By the winter of 1943 he
was transferred to the Ministry of
Economics. Ohlendorf's ostensible job was
focusing on export trade, but his real
priority was preserving the SS's massive
pan-European economic empire after Germany's
defeat.
Ohlendorf, who was later
hanged at Nuremberg, took particular
interest in the work of a German economist
called Ludwig Erhard. Erhard had written a
lengthy manuscript on the transition to a
post-war economy after Germany's defeat.
This was dangerous, especially as his name
had been mentioned in connection with
resistance groups.
But Ohlendorf, who was
also chief of the SD, the Nazi domestic
security service, protected Erhard as he
agreed with his views on stabilising the
post-war German economy. Ohlendorf himself
was protected by Heinrich Himmler, the chief
of the SS.
Ohlendorf and Erhard
feared a bout of hyper-inflation, such as
the one that had destroyed the German
economy in the Twenties. Such a catastrophe
would render the SS's economic empire almost
worthless.
The two men agreed that
the post-war priority was rapid monetary
stabilisation through a stable currency
unit, but they realised this would have to
be enforced by a friendly occupying power,
as no post-war German state would have
enough legitimacy to introduce a currency
that would have any value.
That unit would become the
Deutschmark, which was introduced in 1948.

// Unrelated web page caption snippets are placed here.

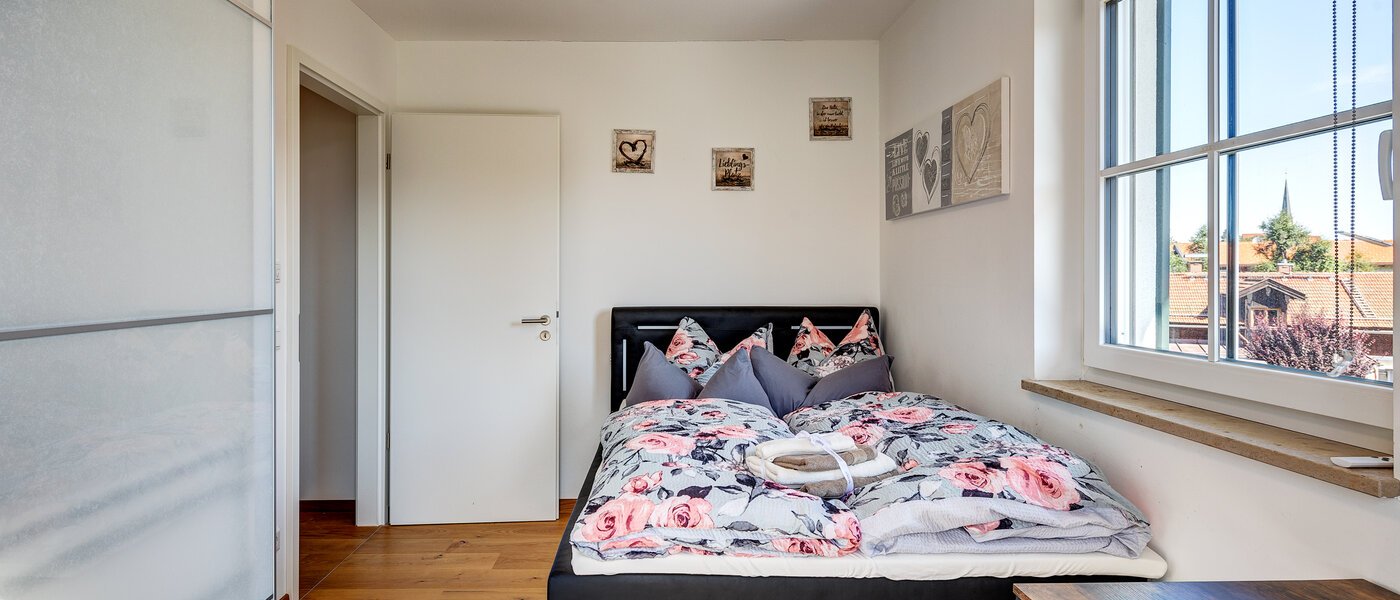 Wohnung Bad Wiessee 03 2. Schlafzimmer	 13104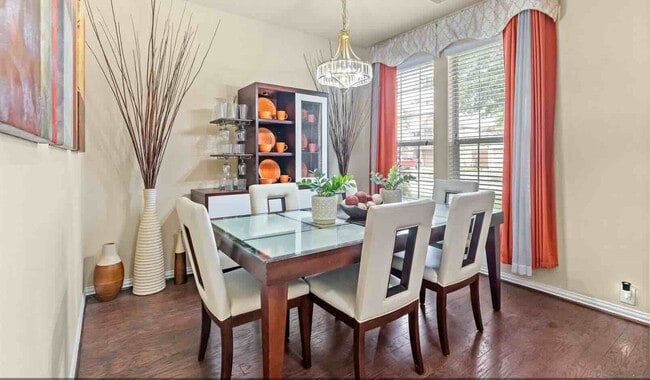 Photo - 17419 Woodfalls Ln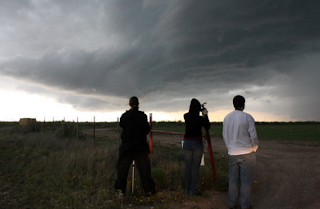 Mengejar angin topan di Tornado Alley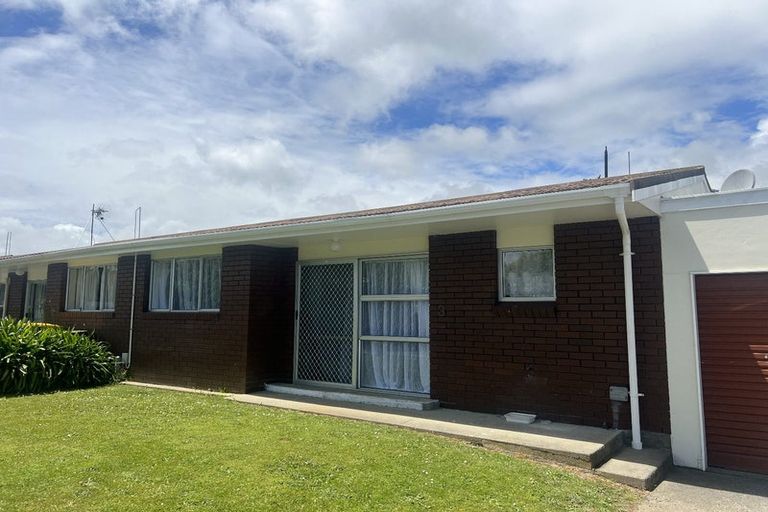Photo of property in 18a Kings Drive, Levin, 5510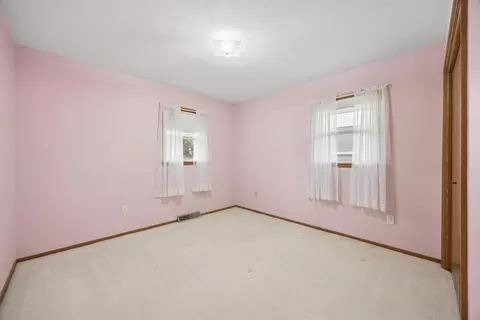 Bedroom - 5840 Rolling Ridge Rd, Saint Cloud, MN 56303 photo 2 of 3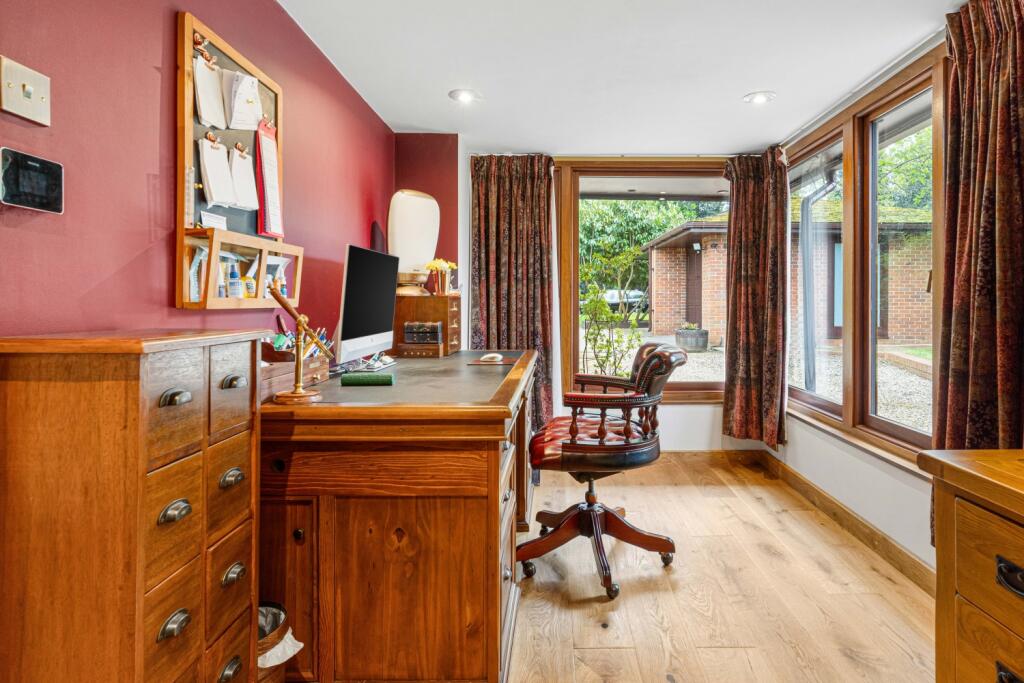 Additional property image - Digswell Park Road, Welwyn Garden City, Hertfordshire, AL8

It was an astonishing success and it
kick-started the German economy. With a
stable currency, Germany was once again an
attractive trading partner.
The German industrial
conglomerates could rapidly rebuild their
economic empires across Europe.
War had been
extraordinarily profitable for the German
economy. By 1948 - despite six years of
conflict, Allied bombing and post-war
reparations payments - the capital stock of
assets such as equipment and buildings was
larger than in 1936, thanks mainly to the
armaments boom.
Erhard pondered how German
industry could expand its reach across the
shattered European continent. The answer was
through supranationalism - the voluntary
surrender of national sovereignty to an
international body.
Germany and France were
the drivers behind the European Coal and
Steel Community (ECSC), the precursor to the
European Union. The ECSC was the first
supranational organisation, established in
April 1951 by six European states. It
created a common market for coal and steel
which it regulated. This set a vital
precedent for the steady erosion of national
sovereignty, a process that continues today.
But before the common
market could be set up, the Nazi
industrialists had to be pardoned, and Nazi
bankers and officials reintegrated. In 1957,
John J. McCloy, the American High
Commissioner for Germany, issued an amnesty
for industrialists convicted of war crimes.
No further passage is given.